Но приход Джелмэ оказался хотя и самым заметным, но далеко не единственным результатом явно наметившегося после аудиенции у Тогрила изменения статуса Темучина в монгольской степи. Вовремя поднесенная соболья доха сдвинула с места настоящую лавину событий. Юный монгольский князь, наследник прославленного героя и названый сын владыки кераитов стал постепенно превращаться в символический центр притяжения всех кто был недоволен существующими порядками: засильем косных родовых вождей, приниженным положением потомков Хабул-хана, после смерти Есугэй-багатура словно утративших свой боевой дух. В общественном мнении части монголов, особенно среди молодежи, Темучин стал той фигурой, вокруг которой считалось за честь объединиться ради возрождения былой монгольской славы. Эти люди еще не пришли к Борджигинам и кочевали в составе своих обоков и иргенов. Но с определенного момента у всех «людей длинной воли»[46] появился потенциальный вождь.

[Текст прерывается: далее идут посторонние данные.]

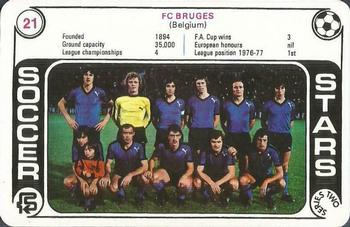 1977-78 FKS Trump Soccer Stars Series Two #21 FC Bruges Front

Однако резко возросшая известность Темучина в степи повлекла за собой не одни только положительные последствия. «Длинное ухо» донесло весть о том, что у Есугэй-багатура появился достойный наследник, и до воинственных северян — непримиримых врагов Есугэя, меркитов. Они посчитали это время самым подходящим для того, чтобы отомстить Борджигинам за старинную (прошло уже двадцать лет) обиду, нанесенную Есугэем, похитившим Оэлун — невесту меркитского богатыря Чиледу. Почему меркиты ждали так долго? Ну, во-первых, среди степных кочевников такие оскорбления не имеют срока давности и не забываются: расплата могла последовать и через полвека и коснуться уже не детей, а внуков обидчика. Во-вторых, при жизни Есугэя меркиты по вполне объективным причинам отомстить не могли — у них просто не было для этого нужных сил. Ну а после смерти Есугэй-багатура и предательства тайджиутов кому меркиты должны были мстить? Самой Оэлун? Ее нищим ребятишкам, стреляющим в степи тарбаганов, чтобы не умереть с голоду? Иное дело теперь, когда имя наследника Есугэя громко прозвучало в степи, но сам он еще не имел достаточно сил, чтобы противостоять мщению. В общем, меркиты выбрали время совершенно обдуманно. И, между прочим, нельзя отрицать, что они вообще могли до этого считать семью Есугэя погибшей — ведь лет десять о Борджигинах не было ни слуху, ни духу. Встреча Темучина с Тогрилом и молва о ней, пролетевшая по всем степным кочевьям, напомнили меркитам, что у их родового врага вырос сын-багатур. И значит, настало время для мести.